Protectionist act by EU seen as self-defeating
Discriminatory clauses to create 'serious investment barriers' against Chinese firms
By Wang Keju | China Daily | Updated: 2026-04-29 09:26
China has formally submitted a complaint to the European Commission (EC) over the European Union's proposed Industrial Accelerator Act, warning that the legislation would create "serious investment barriers and institutional discrimination" against Chinese companies, and vowing countermeasures if Brussels pushes ahead.
The proposed act, according to analysts, represents a serious departure from World Trade Organization rules, a discriminatory blow to foreign investors and a self-defeating strategy that will ultimately harm Europe's own interests.
The act imposes numerous restrictive requirements on foreign investment in four emerging strategic sectors — batteries, electric vehicles, photovoltaics and critical raw materials — while introducing "EU origin" exclusivity clauses in public procurement and support policies, a spokesperson with the Ministry of Commerce said on Monday.
The ministry submitted its official comments to the EC, the executive arm of the EU, on Friday, expressing China's formal position and grave concerns over the draft law, the spokesperson said.
China has called on the EU to remove discriminatory requirements against foreign investors, local content mandates, compulsory transfers of intellectual property and technology, and restrictions on public procurement, the spokesperson added.
The spokesperson added that China will closely follow the legislative process and stands ready to engage in dialogue and communication with the EU. However, the spokesperson cautioned that if the EU ignores China's suggestions and insists on pushing the legislation through, thereby harming the interests of Chinese companies, China will have to take countermeasures.
Zhou Mi, a senior researcher at the Chinese Academy of International Trade and Economic Cooperation, said the core problem with the act is not its ambition to streamline approvals — measures that could benefit all manufacturers equally — but its explicit targeting of foreign investors.
Zhou said the provisions in the act apply exclusively to third-country investors that account for more than 40 percent of global production capacity in the aforementioned sectors — a threshold that transparently targets China, which leads the world in electric vehicle batteries, solar panels and critical materials processing.

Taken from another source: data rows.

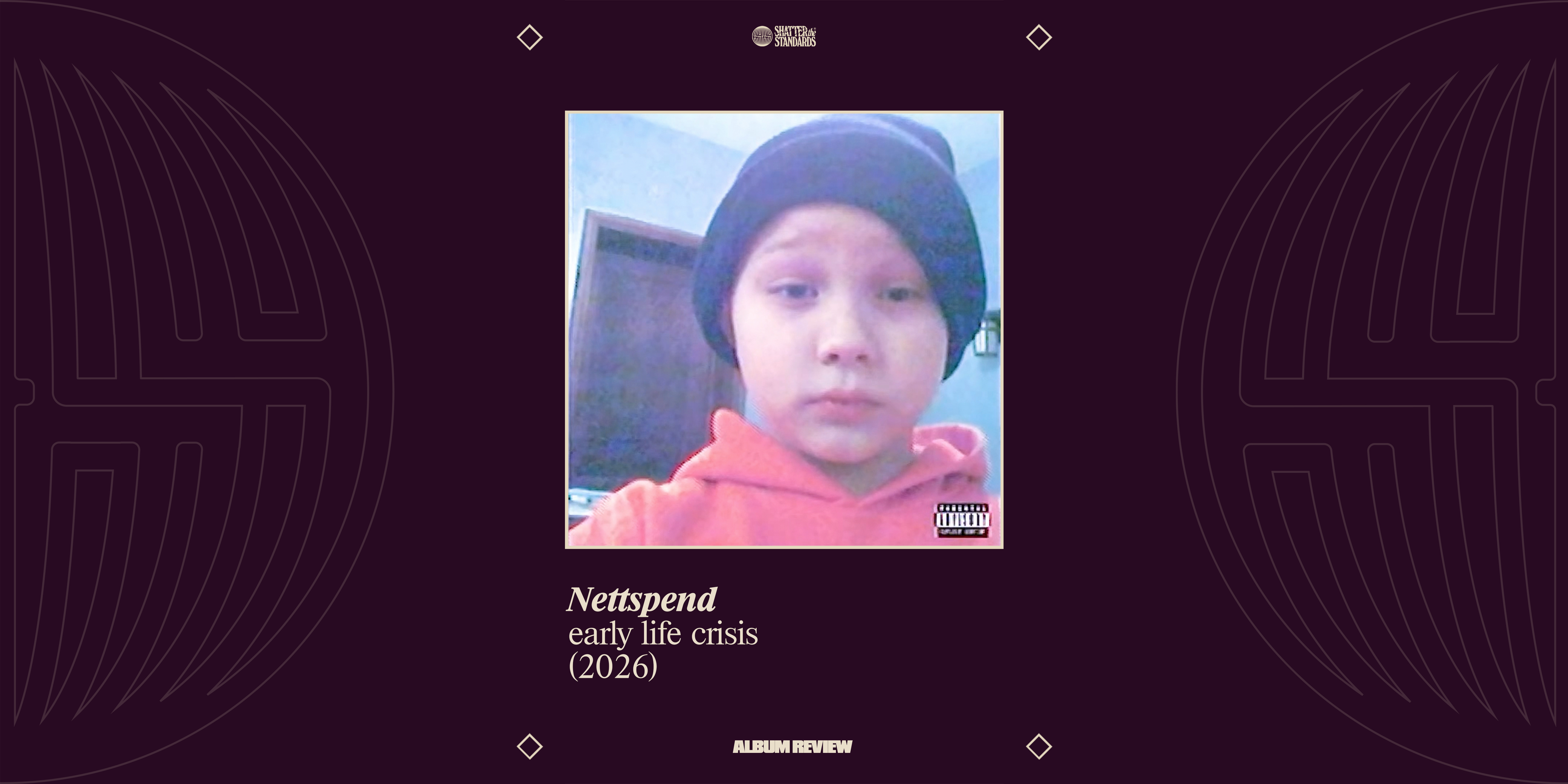 Album Review: early life crisis by Nettspend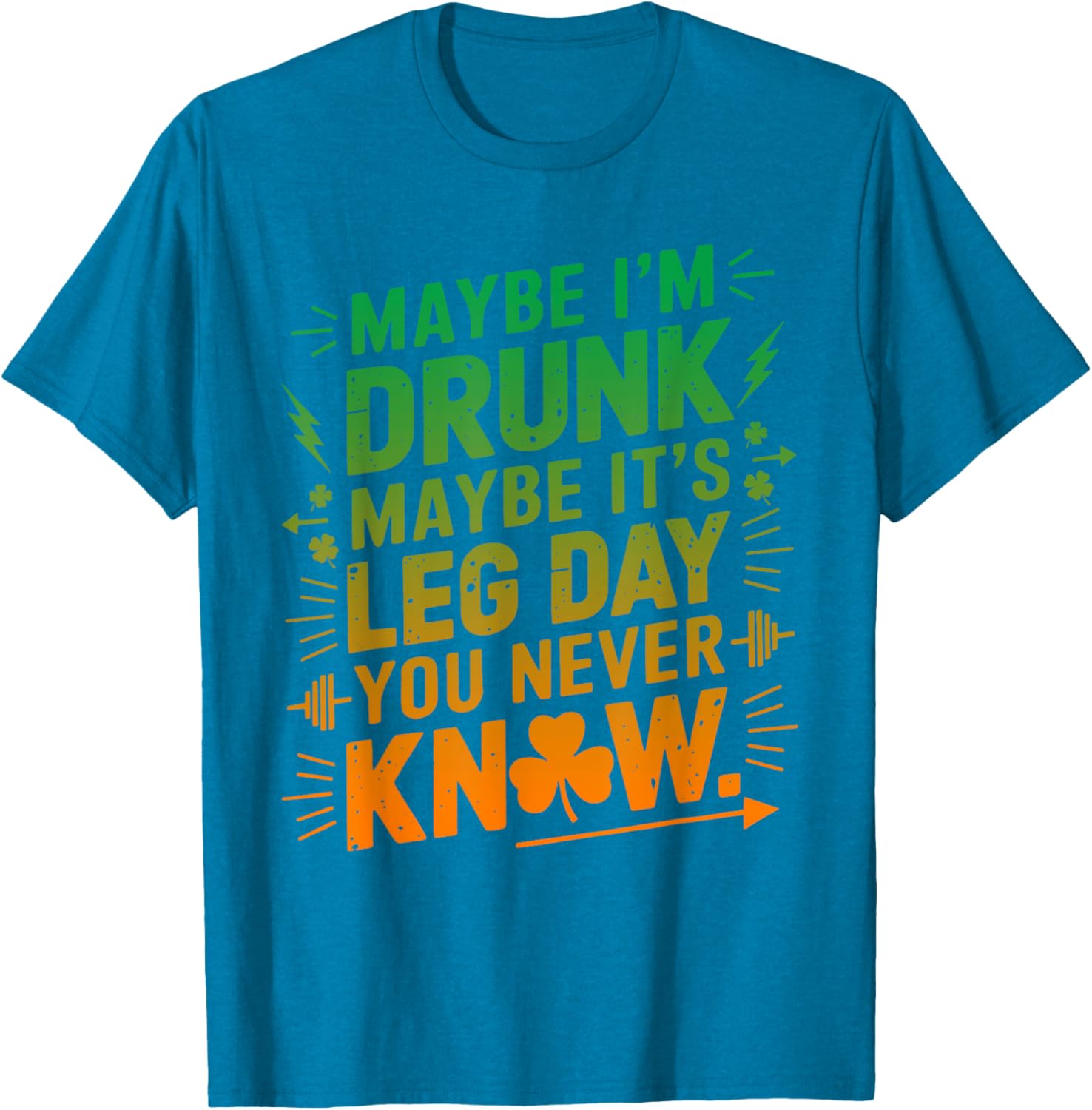 Funny Maybe I'm Drunk Maybe It's Leg Day Graphic T-Shirt for Fitness Lovers - 7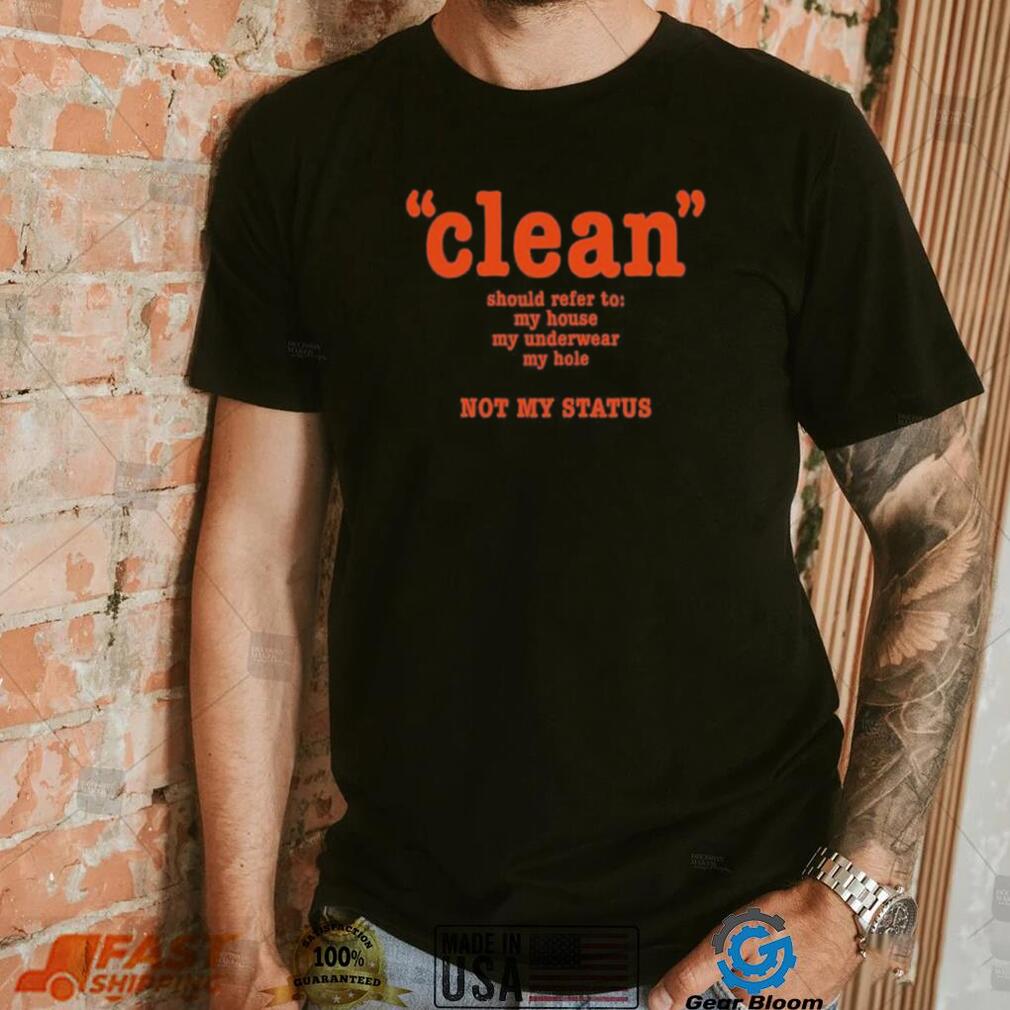 Clean Should Refer To My House My Underwear My Hole Not My Status Shirt Clean Should Refer To My House My Underwear My Hole Not My Status Shirt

"By creating a two-tier system where EU products are systematically favored, the act undermines the rules-based multilateral trading system that Europe itself once championed," Zhou said.
Gao Lingyun, a researcher at the Chinese Academy of Social Sciences' Institute of World Economics and Politics, said that another damaging aspect of the act is its disruption of global supply chains. In the EV battery sector, for example, European automakers rely on cost-effective, high-performance batteries from China based on market principles.
Forcing public procurement and support schemes to favor "EU Origin" batteries will artificially constrain supply, raise costs for European automakers and ultimately burden European consumers with higher prices, Gao added.
China is not alone in its concerns. Major trading partners including the United States, Japan and the United Kingdom have also voiced objections to the act's protectionist tilt. Even within the EU, the act has faced strong opposition from free-trade-oriented member states such as Sweden and Ireland, as well as from industry groups.
Swedish Prime Minister Ulf Kristersson warned in February that "Buy European" measures should not be used to shield European businesses from competition, arguing that Europe must "compete because of quality and because of innovation, not because we try to protect the European markets".